Agentic AI Glossary
28 core terms every engineer building production AI agents should know — defined in plain English, the way they're used in the 2026 Agentic AI Engineer roadmap.
Agent
An LLM-powered system that can decide which actions to take to reach a goal — calling tools, reading results, and looping — rather than producing a single one-shot response. Contrast with a fixed "workflow" where the steps are hard-coded.
Large Language Model (LLM)
A neural network trained on large text corpora to predict the next token. It powers reasoning, generation, and tool selection in agents. Examples: GPT, Claude, Gemini, Llama.
Token
The unit an LLM reads and writes — roughly ¾ of a word. Pricing, context limits, and latency are all measured in tokens.
Context Window
The maximum number of tokens a model can consider at once (prompt + response). Managing what goes into the window — "context engineering" — is central to reliable agents.
Prompt Engineering
The practice of structuring instructions, examples, and constraints so a model produces reliable, useful output. Includes system prompts, few-shot examples, and output formatting.
Chain-of-Thought (CoT)
Prompting a model to reason step by step before answering, which improves accuracy on multi-step problems.
Reasoning Model
A model trained or tuned to "think" before answering (extended internal reasoning), trading latency and cost for higher accuracy on hard tasks. Contrast with fast "base" chat models.

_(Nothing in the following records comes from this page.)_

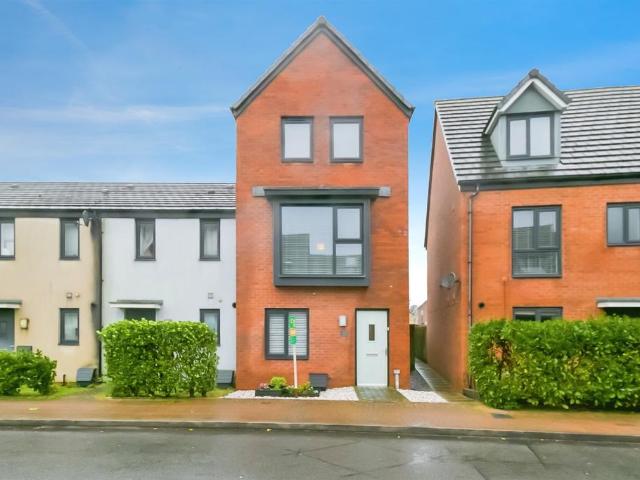 3 bedroom end of terrace house for sale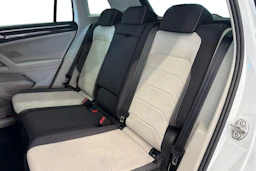 valkoinen Volkswagen Tiguan 2023 kuva 8.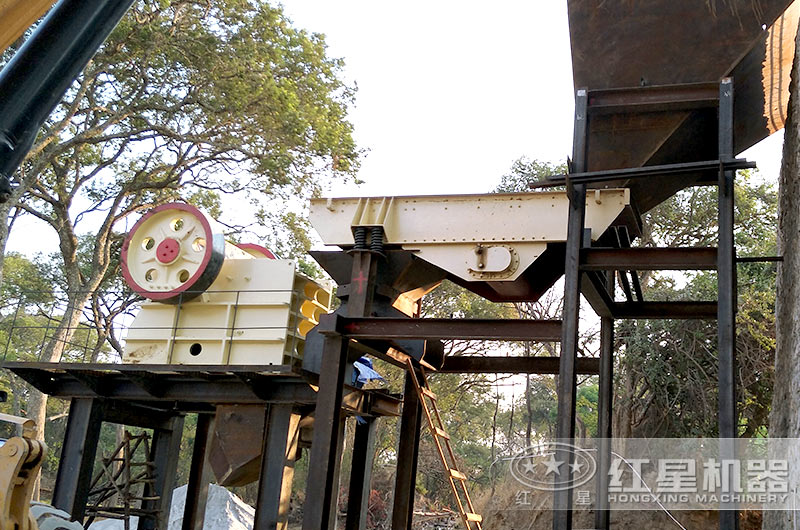 46破碎机生产现场 46破碎机生产现场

Retrieval-Augmented Generation (RAG)
Fetching relevant documents from a knowledge base and inserting them into the prompt so the model answers from your data instead of memory — reducing hallucination and enabling up-to-date answers.
Embedding
A numeric vector that represents the meaning of a piece of text. Similar meanings produce nearby vectors, which is how semantic search and RAG retrieval work.
Vector Database
A store optimized for similarity search over embeddings (e.g. pgvector, Pinecone, Qdrant, Weaviate). The retrieval engine behind RAG.
Chunking
Splitting source documents into smaller passages before embedding, so retrieval returns focused, relevant context. Chunk size and overlap materially affect RAG quality.
Evaluation (Evals)
Systematic measurement of an AI system's quality — accuracy, faithfulness, relevance — using test sets and metrics (e.g. Ragas). Without evals you can't tell if a change helped.
Hallucination
When a model produces confident but false or unsupported output. Mitigated with RAG, grounding, guardrails, and evaluation.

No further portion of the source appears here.